### Task to complete
In your answer, set down the records below exactly as they stand, omitting pictures.

******************************

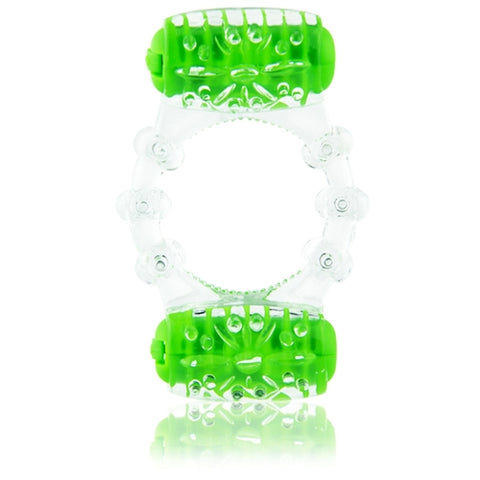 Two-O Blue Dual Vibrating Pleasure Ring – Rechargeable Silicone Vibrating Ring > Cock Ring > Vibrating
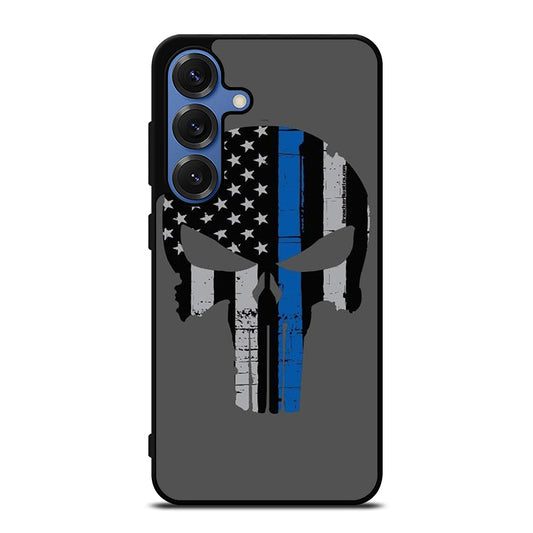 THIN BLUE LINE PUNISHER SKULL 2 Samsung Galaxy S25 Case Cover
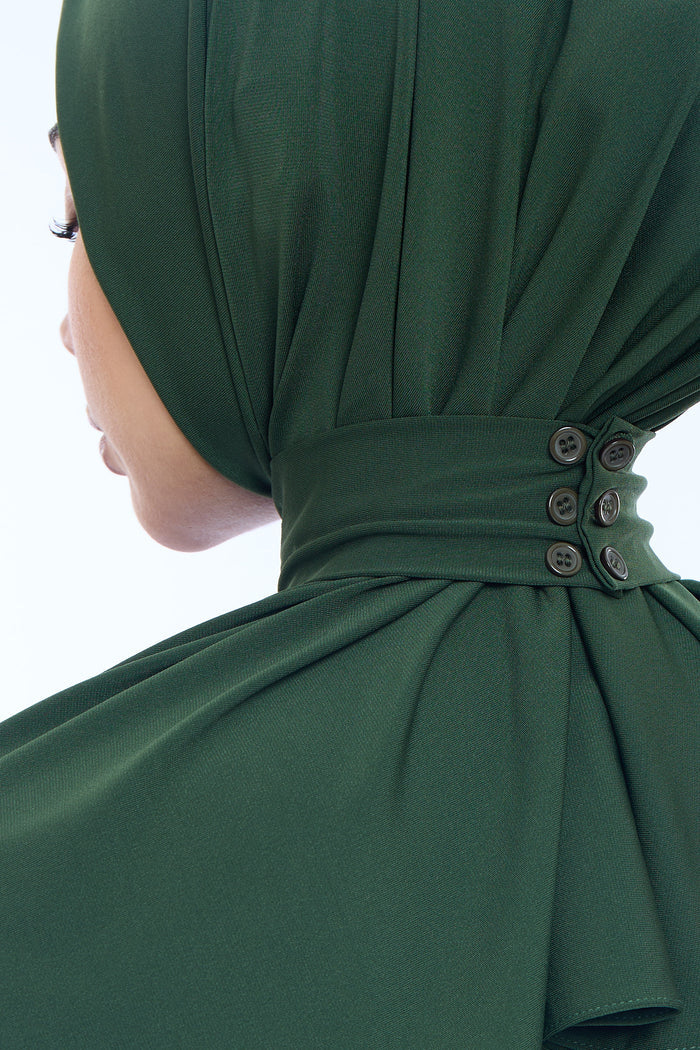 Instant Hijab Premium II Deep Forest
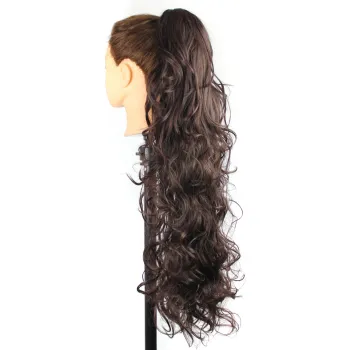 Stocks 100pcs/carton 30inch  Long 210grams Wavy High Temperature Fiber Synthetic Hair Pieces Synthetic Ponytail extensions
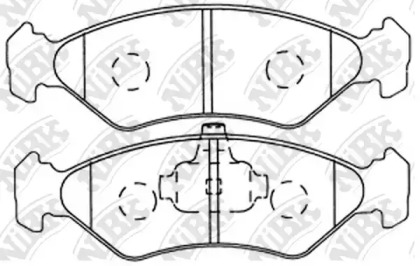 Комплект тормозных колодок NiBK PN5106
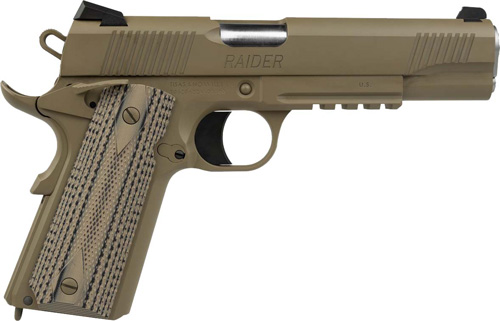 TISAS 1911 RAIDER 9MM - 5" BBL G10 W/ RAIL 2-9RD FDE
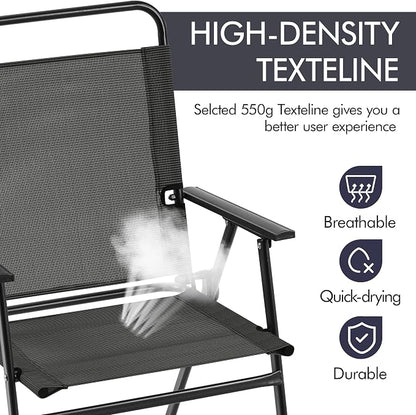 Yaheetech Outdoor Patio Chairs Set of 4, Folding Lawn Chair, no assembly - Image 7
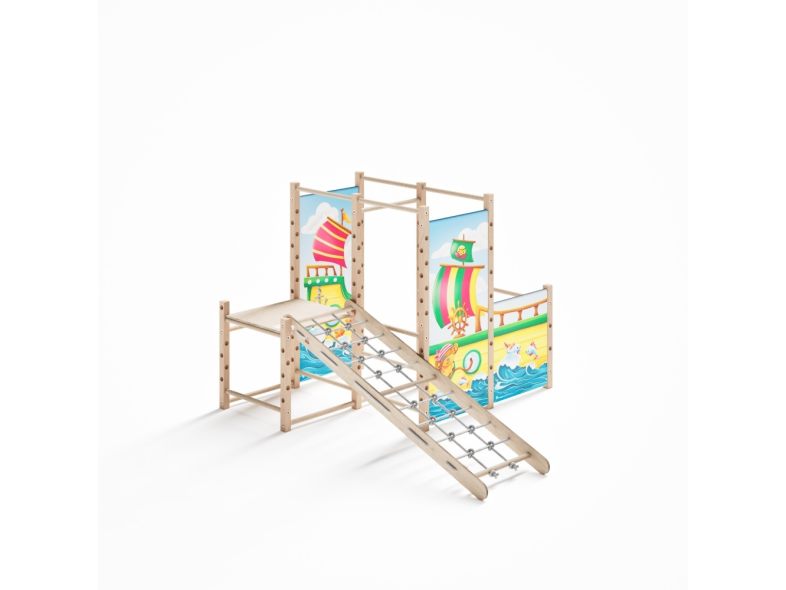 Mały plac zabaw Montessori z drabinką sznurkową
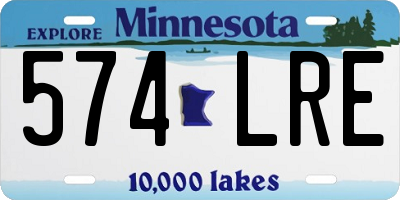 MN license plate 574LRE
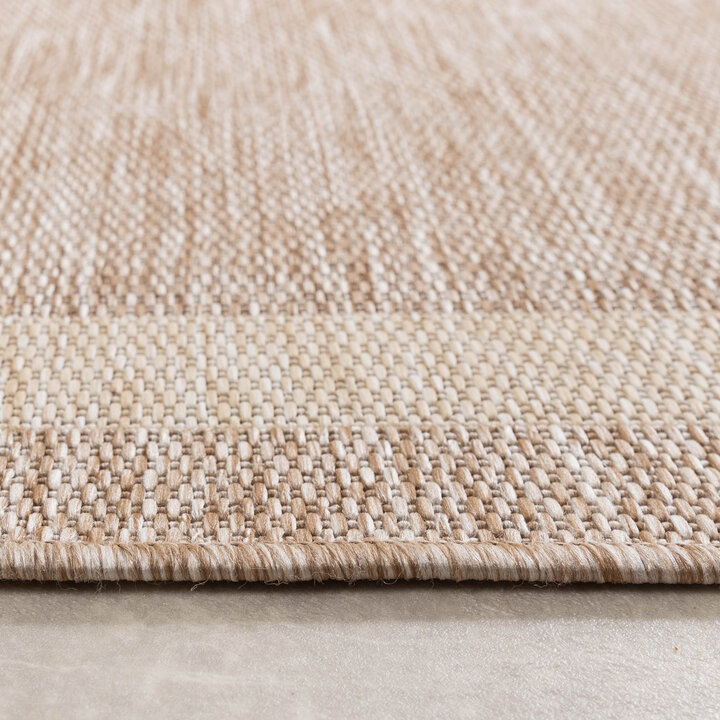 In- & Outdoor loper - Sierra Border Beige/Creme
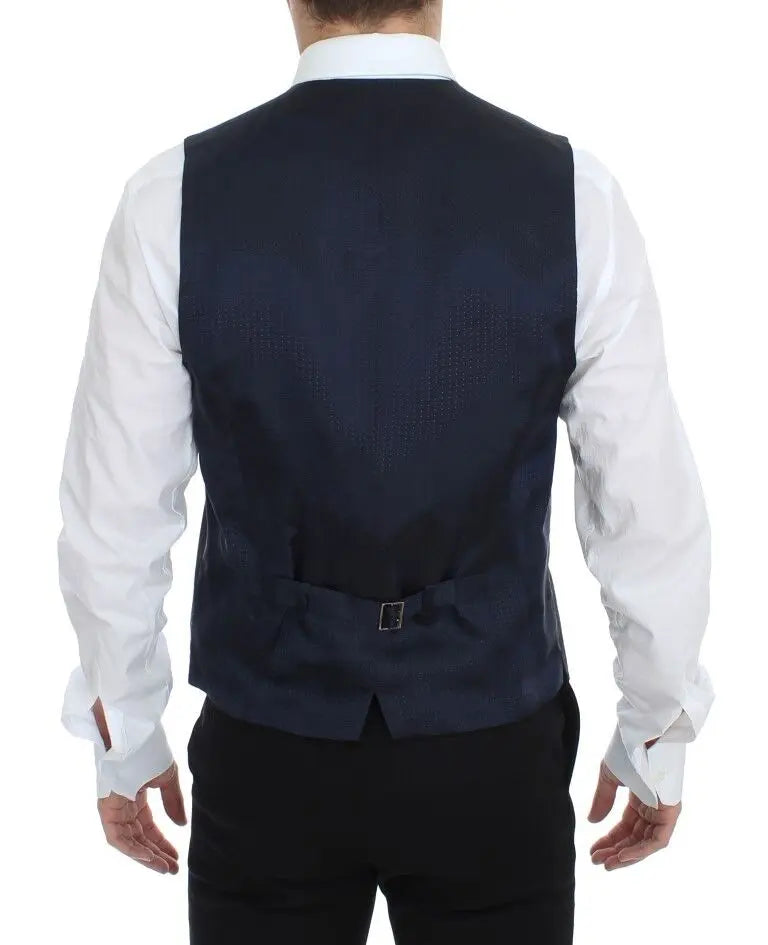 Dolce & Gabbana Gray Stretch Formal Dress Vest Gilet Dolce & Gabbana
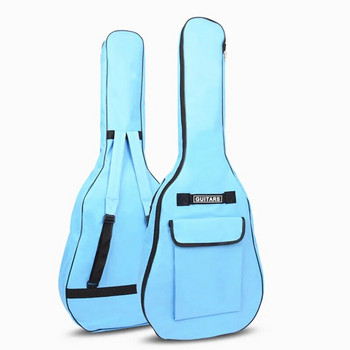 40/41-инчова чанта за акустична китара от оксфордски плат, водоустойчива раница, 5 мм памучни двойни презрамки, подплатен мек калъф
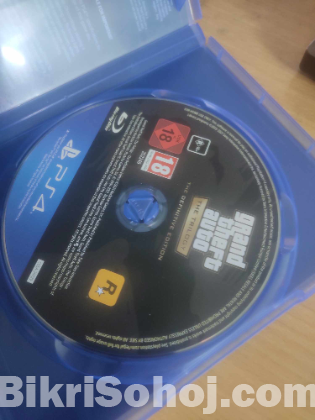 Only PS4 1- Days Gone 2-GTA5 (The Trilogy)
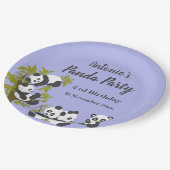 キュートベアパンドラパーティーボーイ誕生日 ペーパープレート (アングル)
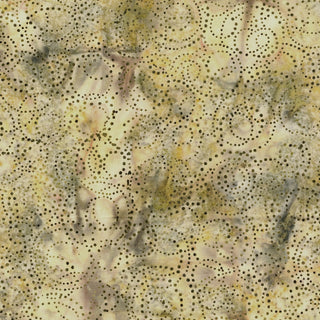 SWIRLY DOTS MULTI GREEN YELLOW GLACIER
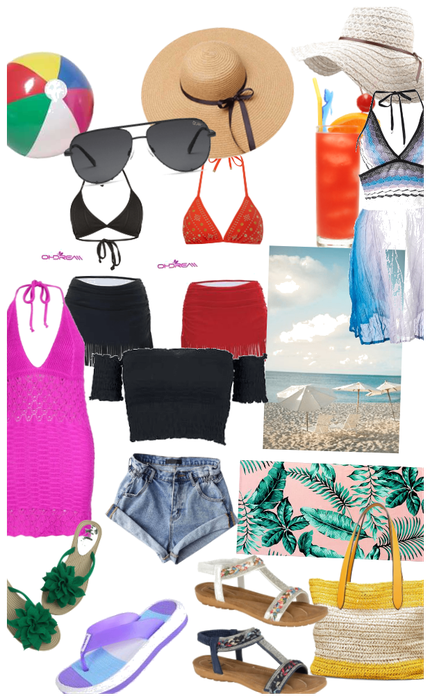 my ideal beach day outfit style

******************************

### Written solution
 Two-O Blue Dual Vibrating Pleasure Ring – Rechargeable Silicone Vibrating Ring > Cock Ring > Vibrating
 THIN BLUE LINE PUNISHER SKULL 2 Samsung Galaxy S25 Case Cover
 Instant Hijab Premium II Deep Forest
 Stocks 100pcs/carton 30inch  Long 210grams Wavy High Temperature Fiber Synthetic Hair Pieces Synthetic Ponytail extensions
 Комплект тормозных колодок NiBK PN5106
 TISAS 1911 RAIDER 9MM - 5" BBL G10 W/ RAIL 2-9RD FDE
 Yaheetech Outdoor Patio Chairs Set of 4, Folding Lawn Chair, no assembly - Image 7
 Mały plac zabaw Montessori z drabinką sznurkową
 MN license plate 574LRE
 In- & Outdoor loper - Sierra Border Beige/Creme
 Dolce & Gabbana Gray Stretch Formal Dress Vest Gilet Dolce & Gabbana
 40/41-инчова чанта за акустична китара от оксфордски плат, водоустойчива раница, 5 мм памучни двойни презрамки, подплатен мек калъф
 Only PS4 1- Days Gone 2-GTA5 (The Trilogy)
 キュートベアパンドラパーティーボーイ誕生日 ペーパープレート (アングル)
 SWIRLY DOTS MULTI GREEN YELLOW GLACIER
 my ideal beach day outfit style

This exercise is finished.